■ Assigned task:
Please copy every record below exactly, leaving out the pictures.

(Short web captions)
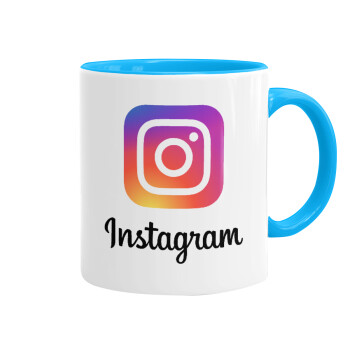 Instagram, Κούπα χρωματιστή γαλάζια, κεραμική, 330ml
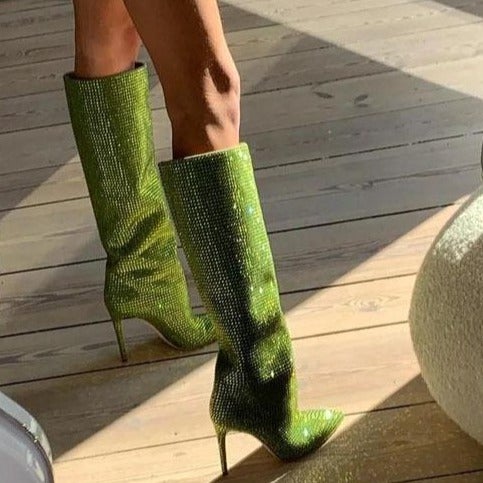 Rhinestone shining stiletto knee high boots glitter fashion show party boots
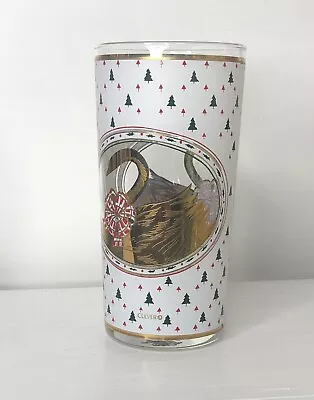 Culver Vintage 22k Gold Swan Christmas Tree 12 Oz Highball Tumbler Glass • $19.99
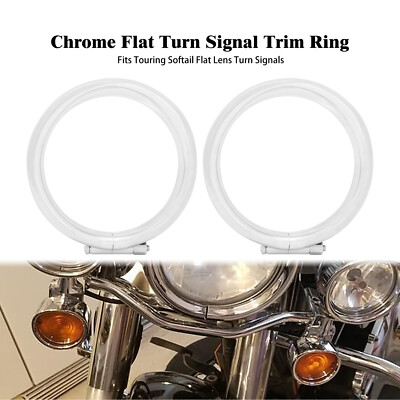 Chrome Visor Flat Style Turn Signal Trim Ring Fit for Harley FLST FLSTF FLHTC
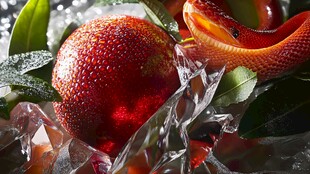 冰爽红桃配橙皮绿叶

■ Task response:
 Instagram, Κούπα χρωματιστή γαλάζια, κεραμική, 330ml
 Rhinestone shining stiletto knee high boots glitter fashion show party boots
 Culver Vintage 22k Gold Swan Christmas Tree 12 Oz Highball Tumbler Glass • $19.99
 Chrome Visor Flat Style Turn Signal Trim Ring Fit for Harley FLST FLSTF FLHTC
 冰爽红桃配橙皮绿叶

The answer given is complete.